(Information)

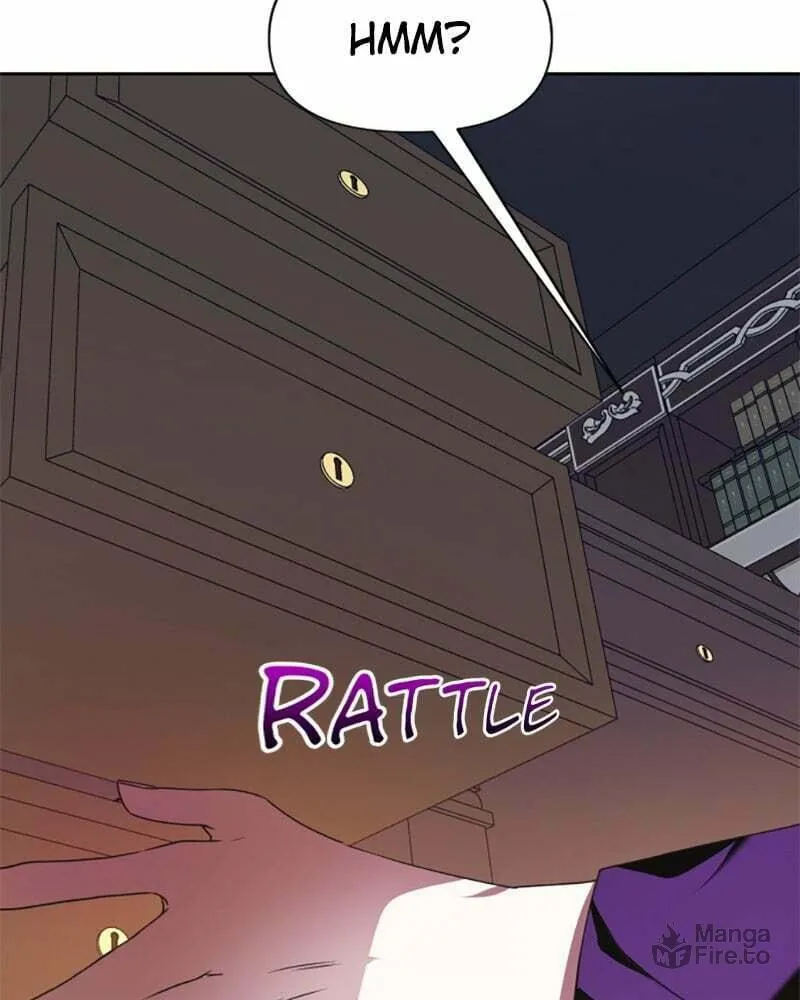 Read Your Throne chapter 21 image 54 on Lezhin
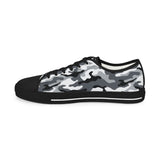 URBAN CAMO סניקרס לגברים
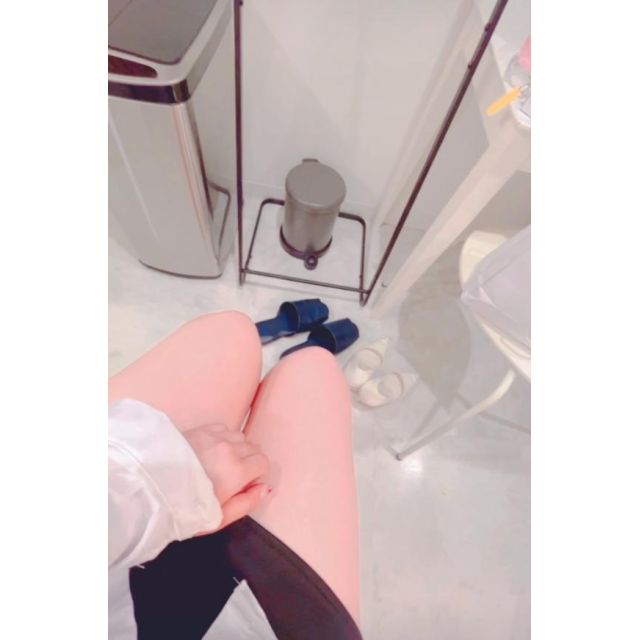 千葉風俗『秘密倶楽部 凛 千葉店』千秋(ちあき)さんの写メ日記【8時半から...】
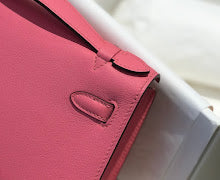 new-elite-designer-bags-nm11471
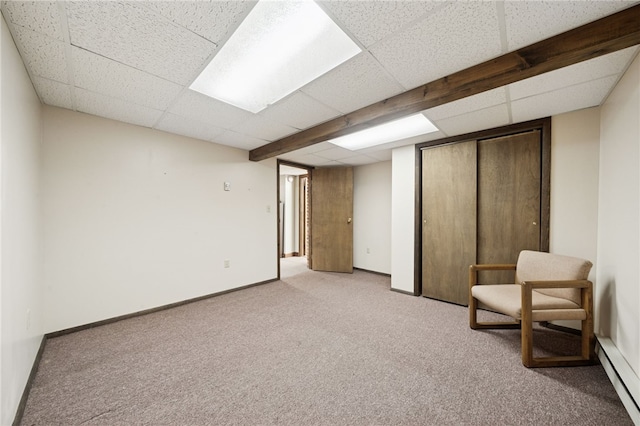 353 Linnwood Rd, North Strabane, PA 15330 - photo 29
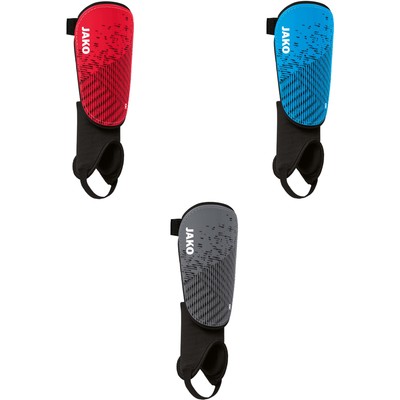 Jako Schienbeinschoner Performance Classic 2764
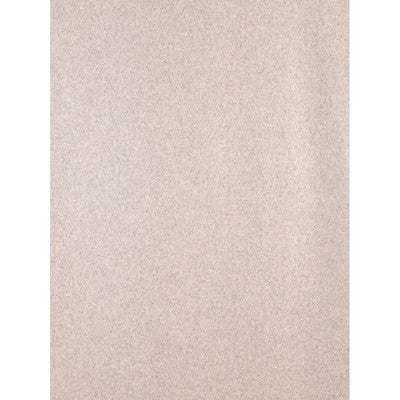 SCOTLAND.17 by Kravet Design Designer Fabric Lizzo Wool 80%, Polyamide 20% Spain Heavy Horizontal: see sample and Vertical: see sample 55 inches - Swanky Fabrics -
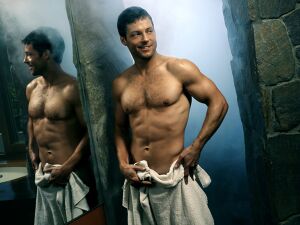 Bamber-towel03.jpg
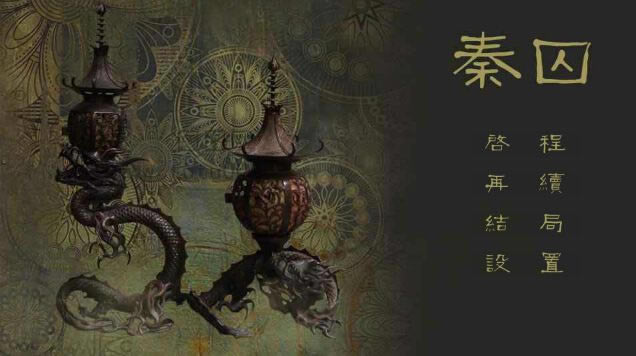 Ϸ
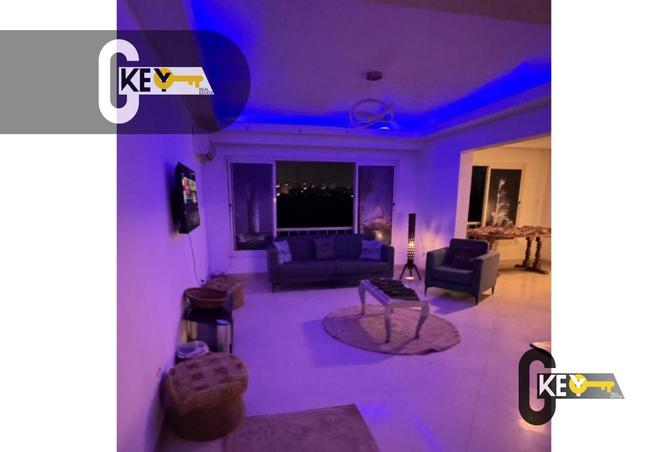 8430859 - صورة العقار 3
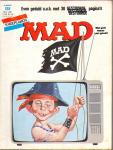 MAD 1981 nr. 131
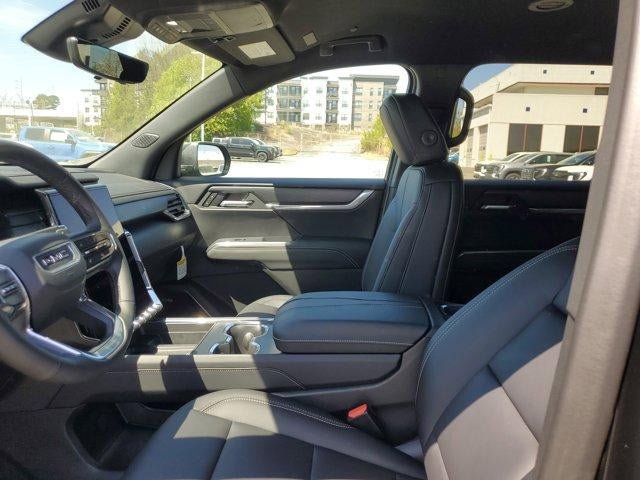 New 2026 GMC Acadia Elevation w/ Elevation Premium Package image 16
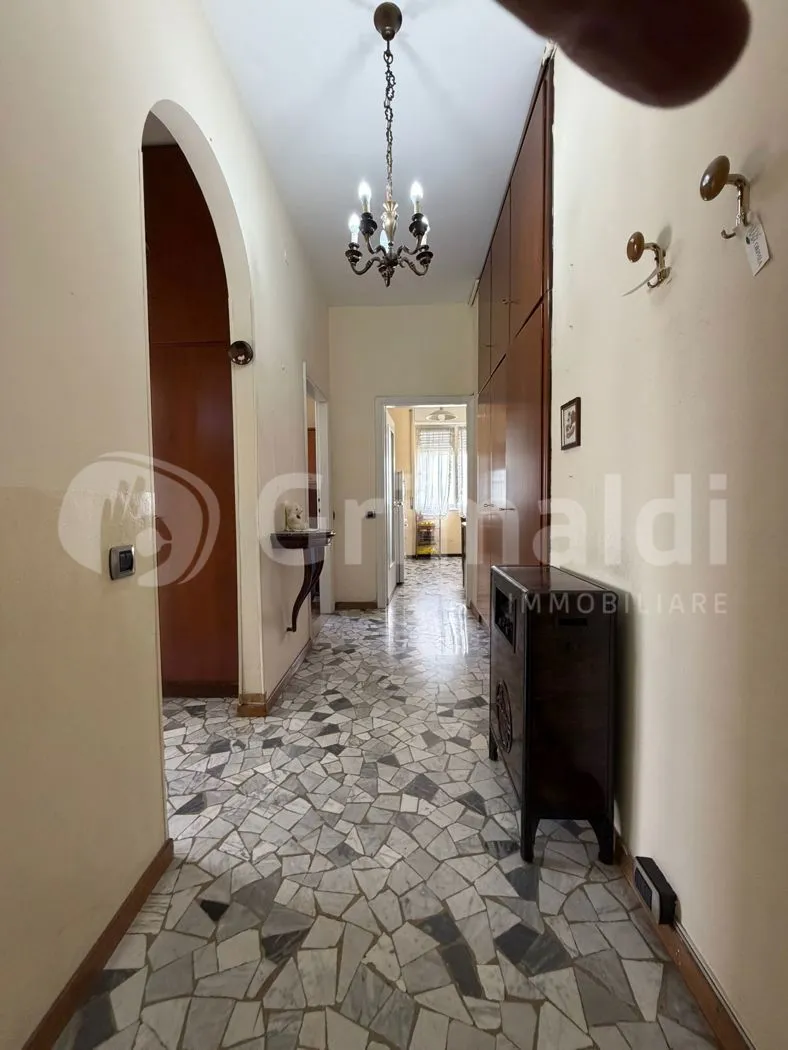 Appartamento in vendita a Milano - foto 7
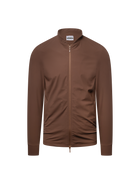 Alec Limited edition blouson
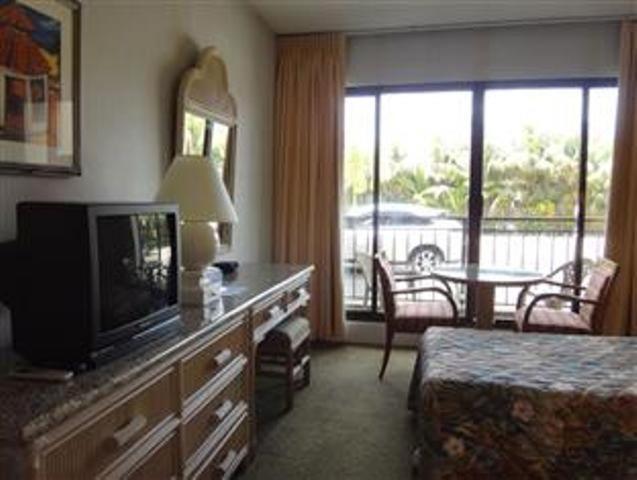 Surestay By Best Western Guam Airport Barrigada Rom bilde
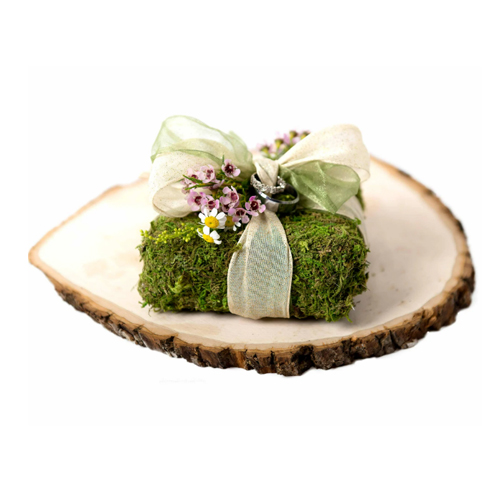 flat moss poklon 500p Ravna mahovina 0,3-0,4m2 - Slika 4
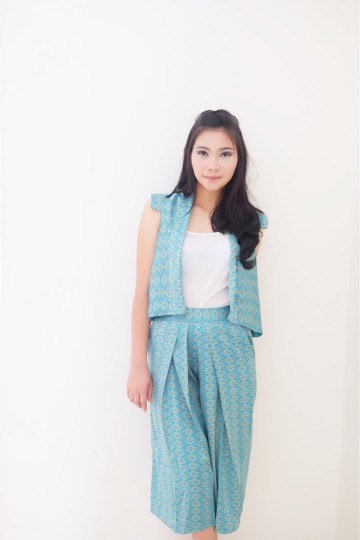 KELING (last piece!)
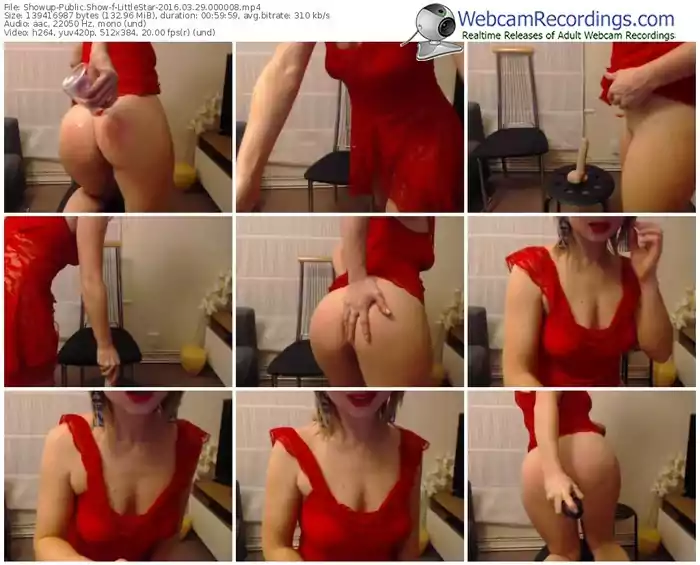 showup-littlestar-webcam-show-03_29_2016-00_00_08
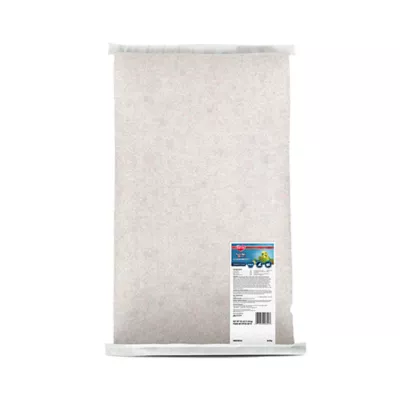 Product KAYTEE® FDPH Feather Parakeet Bird Food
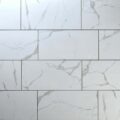 Statuario Gloss Thumbnail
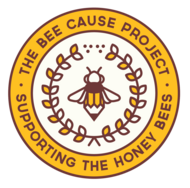 The Bee Cause Project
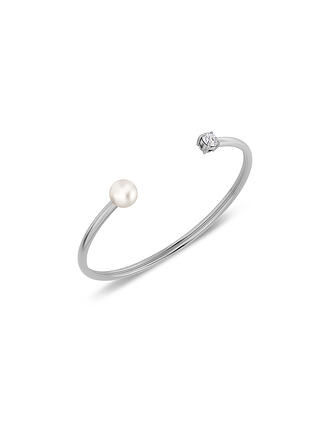 EDBLAD | Bracciale LUNA BANGLE Steel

(End Information)

**Requirement:** Leaving the pictures aside, copy exactly and only the lines from the one holding "New 2026 GMC" through the final line of the data, both ends kept.

**Exercise result:**
 New 2026 GMC Acadia Elevation w/ Elevation Premium Package image 16
 Appartamento in vendita a Milano - foto 7
 Alec Limited edition blouson
 Surestay By Best Western Guam Airport Barrigada Rom bilde
 flat moss poklon 500p Ravna mahovina 0,3-0,4m2 - Slika 4
 KELING (last piece!)
 showup-littlestar-webcam-show-03_29_2016-00_00_08
 Product KAYTEE® FDPH Feather Parakeet Bird Food
 Statuario Gloss Thumbnail
 The Bee Cause Project
 EDBLAD | Bracciale LUNA BANGLE Steel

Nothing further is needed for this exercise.